PROBLEM DETAILS
Copy the lines below exactly, starting with the first and finishing with the one holding "Chamalion Babillon Keychain (Hand)"; do not copy the pictures.

RECORDED INFORMATION

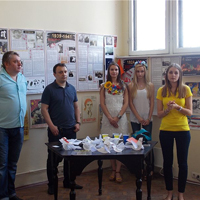 «Для натхнення. Українські красуні – за своїх героїв-воїнів». П.Гай-Нижник, К.Крючкова і фотомоделі у програмі «Новини»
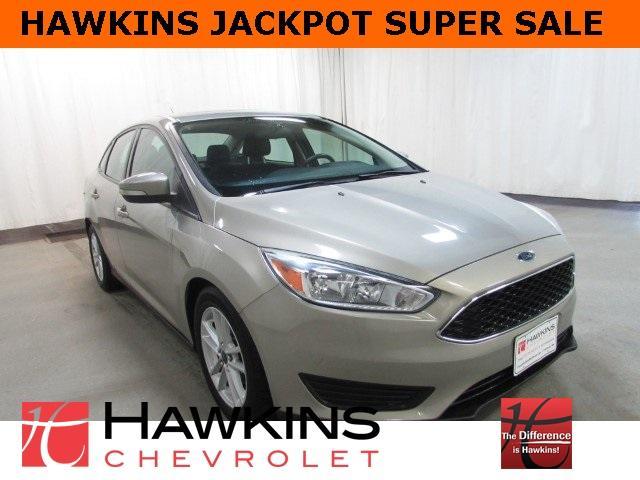 used 2016 Ford Focus car, priced at $9,925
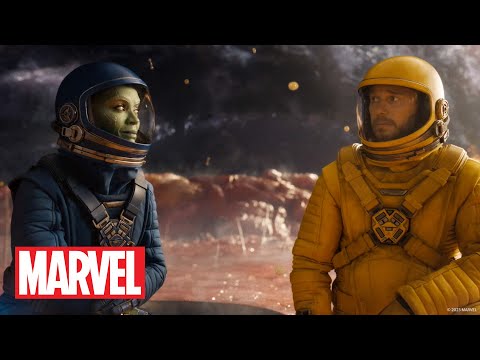 [가디언즈 오브 갤럭시: Volume 3] Team '가디언즈' 웃음 폭발 영상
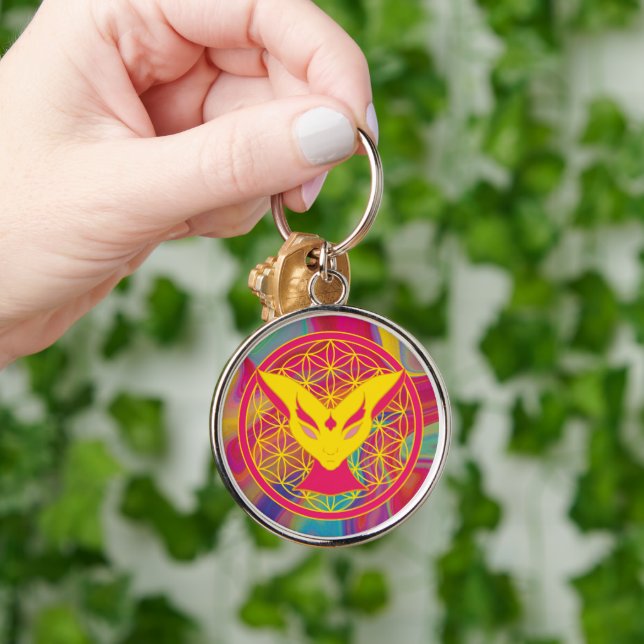 Chamalion Babillon Keychain (Hand)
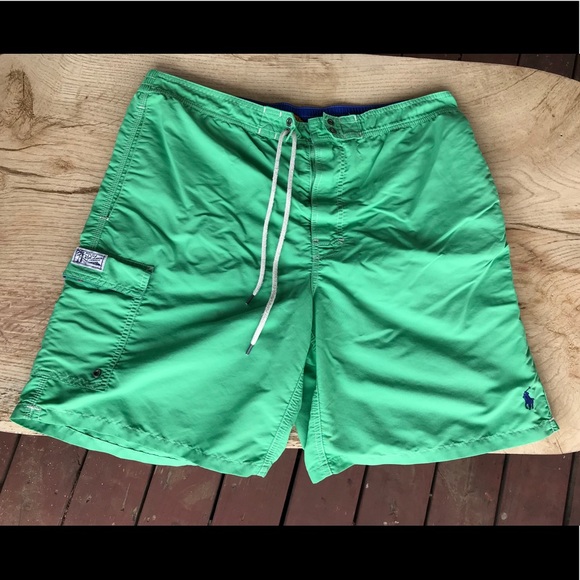 Polo Ralph Lauren Other - Men’s Polo Ralph Lauren Green Swim Shorts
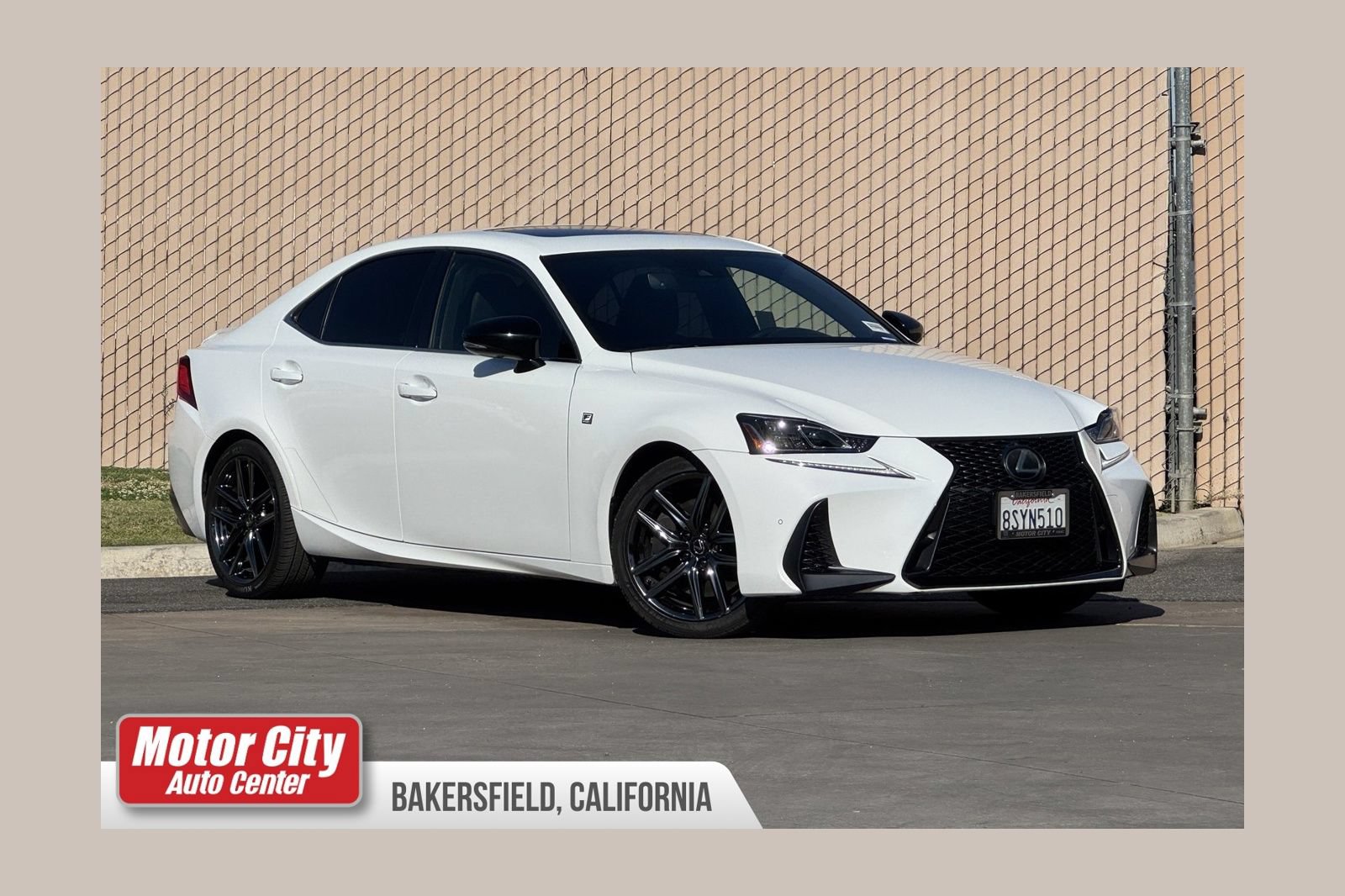 Used 2020 Lexus IS 300 F Sport w/ Blackline Edition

FINISHED EXERCISE
 «Для натхнення. Українські красуні – за своїх героїв-воїнів». П.Гай-Нижник, К.Крючкова і фотомоделі у програмі «Новини»
 used 2016 Ford Focus car, priced at $9,925
 [가디언즈 오브 갤럭시: Volume 3] Team '가디언즈' 웃음 폭발 영상
 Chamalion Babillon Keychain (Hand)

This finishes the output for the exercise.